Fue en años de preguerra que vio la luz La historia de Ferdinand (1936), un libro para niños y no tanto escrito por Munro Leaf y con ilustraciones de Robert Lawson que rápidamente se convirtió en un corto animado de Disney. La historia era atractiva y dialogaba particularmente bien con el momento: un toro criado para la violencia de las corridas de toros en España, para enfurecerse y atacar frente al matador, prefería sentarse a oler las flores del campo.
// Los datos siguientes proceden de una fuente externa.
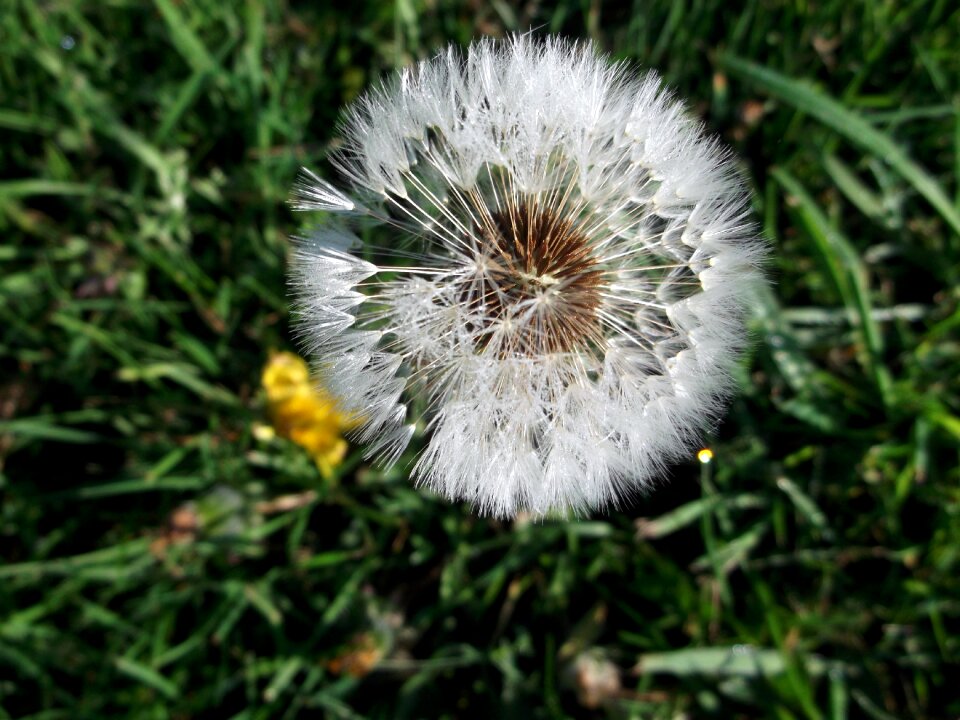 Dandelion composites Free photos
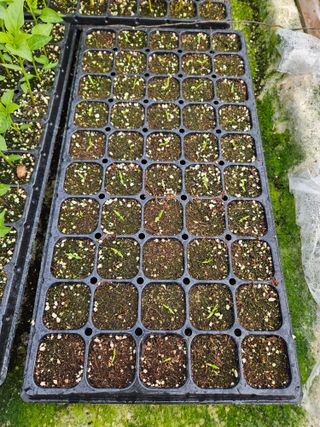 백호순(후추)님의 고추 · 영농일지 작성글 사진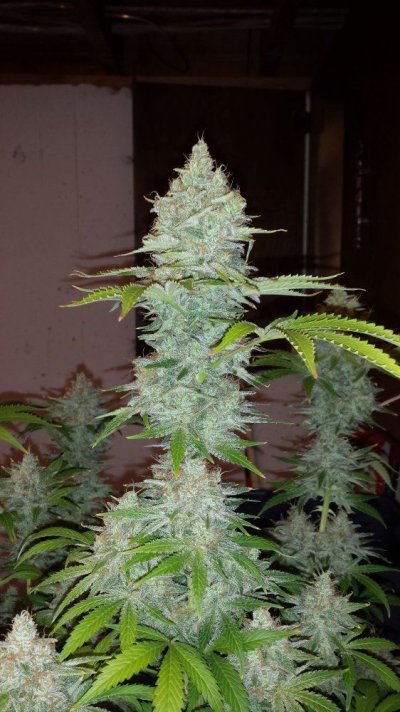 CO Bud Shots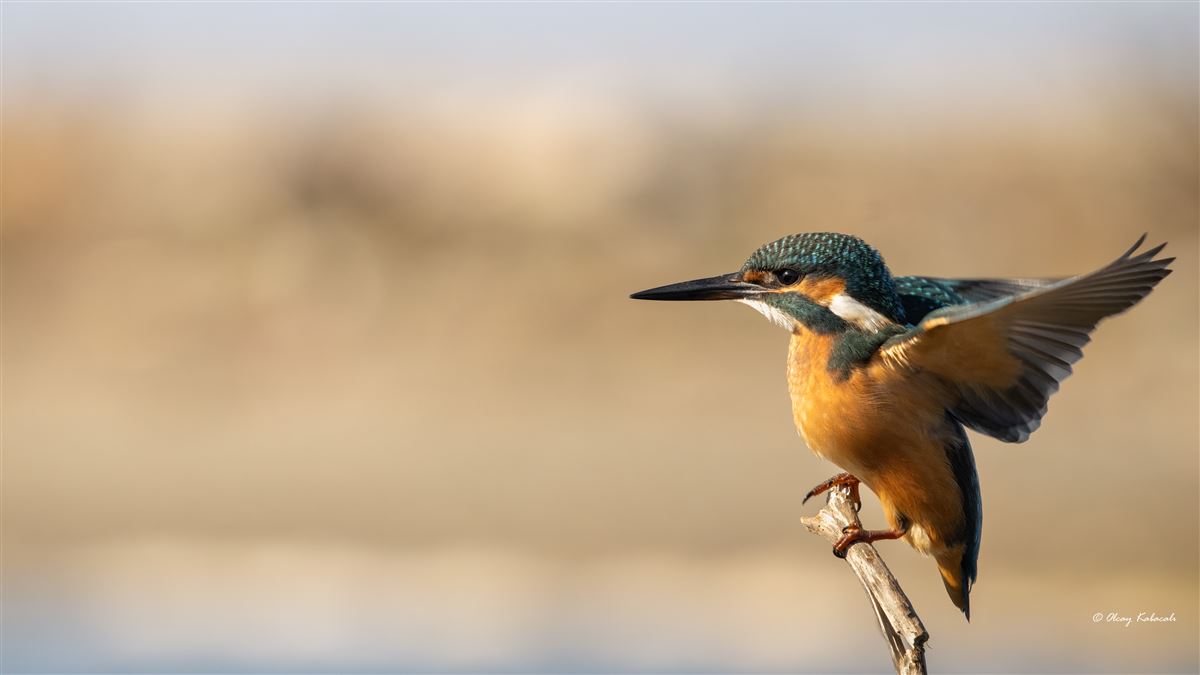 Common Kingfisher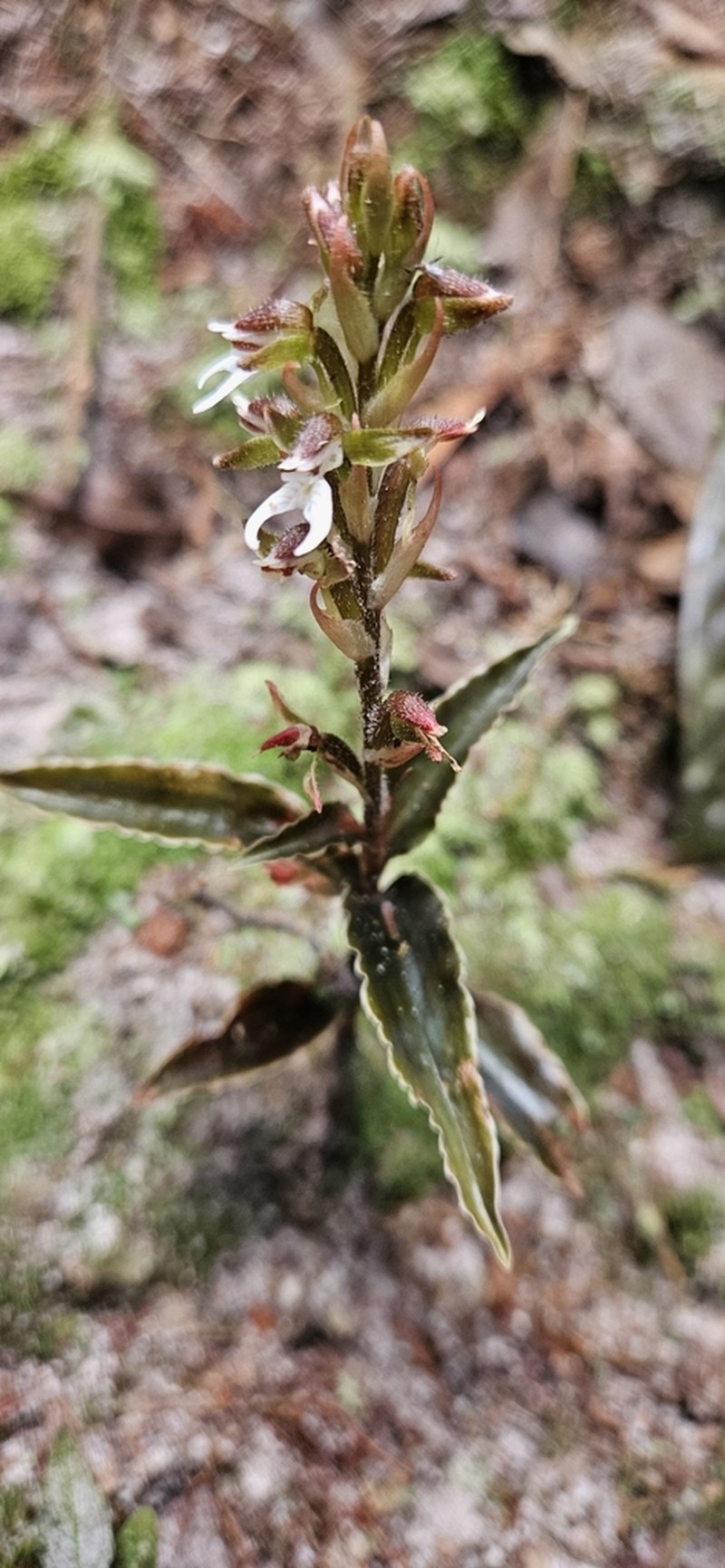 Microchilus stigmatopterus photo 5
Naturalizado como está el pacifismo en la actualidad –si bien desmentido en la práctica–, lo cierto es que el cuento, que se podía interpretar como antibelicista, fue prohibido en la España de Franco y la Alemania de Hitler. Por su parte el corto de ocho minutos de Disney, que ganó el Oscar a mejor corto animado en 1938, toma la historia ilustrada en blanco y negro y con dibujos de estilo más bien realista y la transforma en una comedia que explota de alegría queer: Ferdinand tiene párpados soñadores, pestañas delicadas y es una bestia marica de una tonelada que en el momento de enfrentarse al torero no solo se niega a atacar sino que le da una lamida apasionada al pecho del matador, donde luce el tatuaje de una flor colorada.
Lo cierto es que La historia de Ferdinand también encaja a la perfección en nuestra época: mientras los demás toros jóvenes se dedican a darse cornadas y pelear, Ferdinand, como Bartleby, dice repetidamente “Preferiría no hacerlo”. Es el distinto, ese personaje que el cine de animación y la comedia actuales convirtieron en su protagonista privilegiado, el nerd en el rincón del colegio, el sensible en el grupo de varones que cultivan la agresividad y el coraje físico como atributos propios de su sexo -es decir, como un destino. En Olé, el viaje de Ferdinand, la película de Blue Sky dirigida por Carlos Saldanha, que también fue responsable de ese otro bello inadaptado que era el guacamayo azul de Rio (2011), lo queer está descartado y en cambio el toro amante de las flores es un animal desmesuradamente grande y bonachón cuyo cuerpo se escapa de quedar atrapado en la ecuación grande=fuerte=macho. Claro que el verdadero desafío era hacer de un cuento, que daba a lo sumo para unos cuantos minutos de animación, una película, y la respuesta es simple: persecuciones y comedia, sobre todo física.
No todo funciona en este impulso por agrandar la historia: al igual que en Rio, donde el guacamayo que no sabía volar había crecido al lado de una chica que era su protectora y amiga, acá hay una niña, Nina, que tiene al toro viviendo en su casa como una especie de mascota hasta que el tamaño de Ferdinand hace la convivencia imposible. Después de escaparse y caer en las garras de Casa del Toro, un lugar donde se crían animales que van a ser masacrados en la plaza de toros y que, engañados, esperan ese momento como al más grande privilegio, Ferdinand tiene que encontrar la manera de volver a casa. Pero la presencia de Nina y su relación con el toro no es tan intensa como para generar añoranza; lo mejor empieza con la entrada de Lupe, una cabra que es un prodigio de fealdad y locura (y que tiene la voz de Kate McKinnon en la versión original). Ella se destaca en el repertorio de personajitos previsibles con que Olé, el viaje de Ferdinand rodea al protagonista. Los tres puercoespines y los tres caballos, en cambio, son algo grotescos y no llegan a tener esa energía caótica y tumultuosa de las pandillas como sucede con los pingüinos de Madagascar. Ferdinand mismo, en cambio, es un gran personaje. Con una firmeza conmovedora y con un drama de una intensidad que se fricciona con el tono de comedia ligera que recorre casi toda la película -sobre todo en la subtrama de los toros que van al matadero si no cumplen con las expectativas de los criadores, o con el volcán de violencia que él mismo lleva adentro y al que elige no darle cauce-, la pregunta que deja flotando, claro que como decisión personal más que de crianza, es si se puede no ser un macho.